Nicomedes Guzmán escribe de lo que conoce y no elude el dolor. Cuando escribe de los conventillos incluye a todos sus habitantes, “gente de la más baja condición social”, como escribió en su primera novela: “obreros, peones, mozos, costureras que se amanecen pedaleando, lavanderas que consumen su vida curvadas sobre la artesa, rateros y putas”, que conviven junto a borrachos, enfermos, comerciantes ambulantes, heladeros y choferes de tranvía.
Estos mismos personajes vuelven a aparecer en La sangre y la esperanza, su novela más compleja, la más limpia de metáforas, la que se centra en una familia del conventillo donde pareciera que la miseria tiene algo de dignidad y esperanza. Es la familia de Ernesto Quilodrán, cuyo padre, chofer de tranvía, está comprometido con la lucha sindical, tal como Nicomedes Guzmán –representante de la generación del 38- fue siempre un escritor comprometido con la acción política y social.

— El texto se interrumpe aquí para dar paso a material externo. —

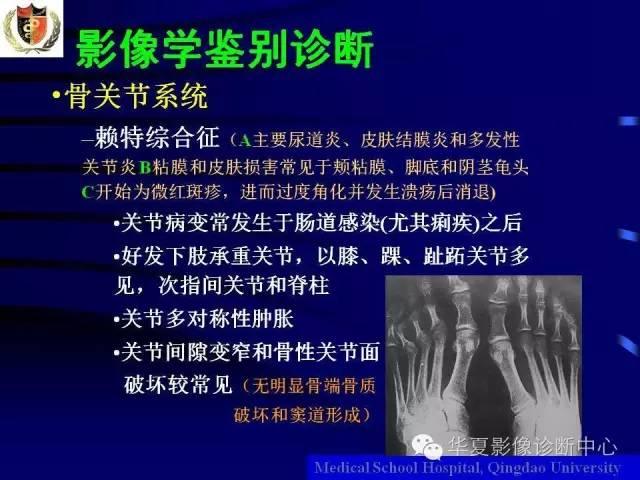 【PPT】痛风影像学检查及诊断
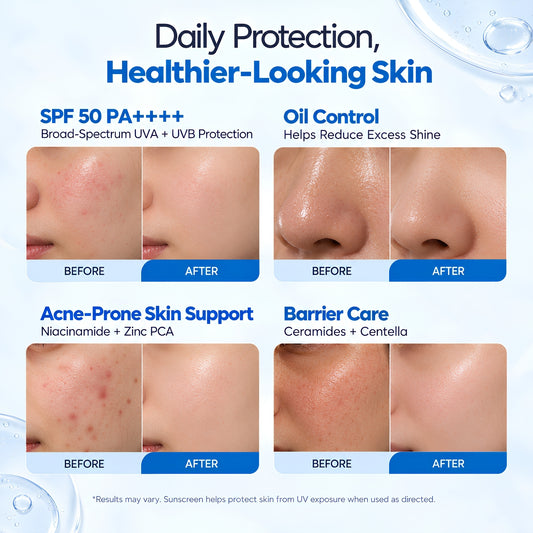 Oil + Acne Control Sunscreen SPF 50 PA++++ with Niacinamide & Zinc PCA – 50g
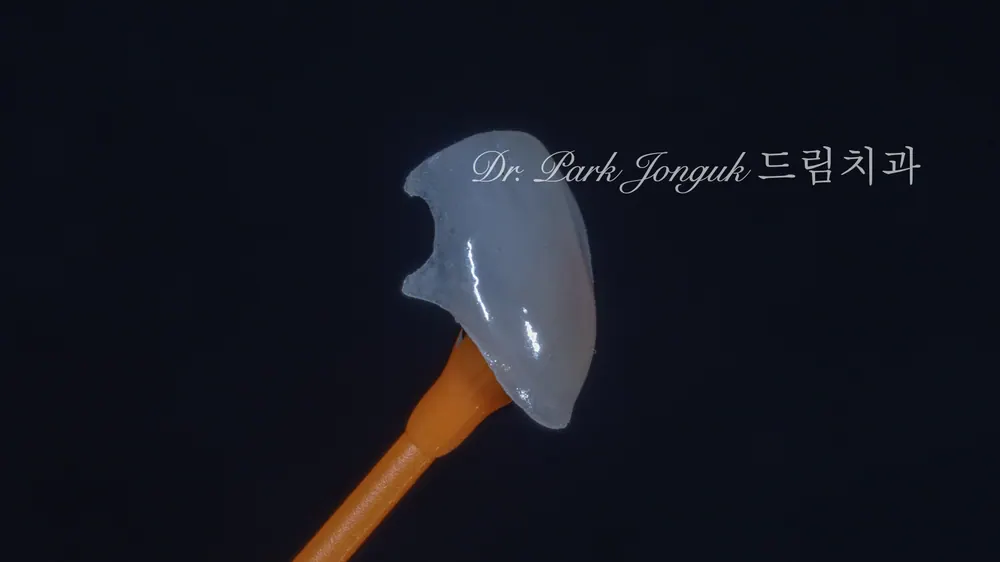 No-prep veneer treatment for black triangles after orthodontics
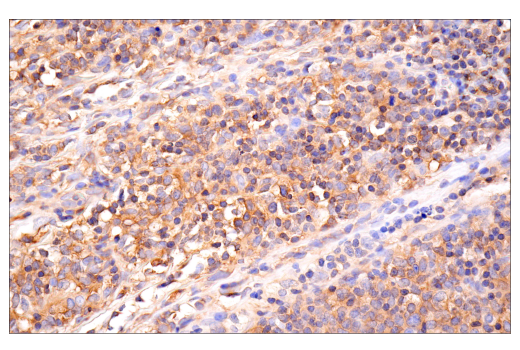 Immunohistochemistry Image 5: MYPT1 (D6C1) Rabbit mAb (BSA and Azide Free)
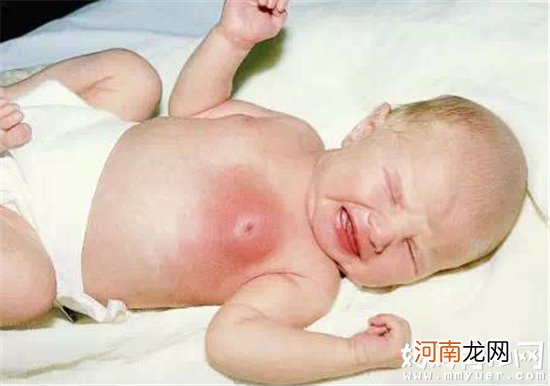 新生女婴要不要挤乳头 关于新生儿乳头护理要注意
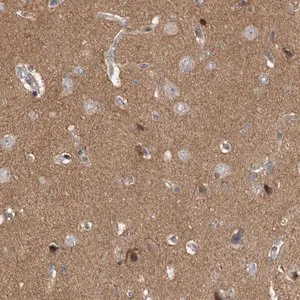 Merck Anti-PPP1R9A antibody produced in rabbit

En sus novelas, tanto las primeras como en La luz viene del mar (1954) va a mostrar la tristísima miseria de las zonas interurbanas y las luchas sociales de las asociaciones de obreros y los distintos sindicatos, en quienes ve una luz de esperanza para salir de esta pobreza. Así también creía que la transformación del pueblo pasaba por la lectura. Lo dijo en su novela La sangre y la esperanza: “Yo no sé que sería de los pobres hombres si no existieran los libros ni quienes los hicieran” y lo hizo durante su vida, dedicada a escribir y a buscar talentos, a preparar antologías y a organizar encuentros de escritores desde el norte al sur del país, y predicar de la cultura, a pesar de su precaria situación económica.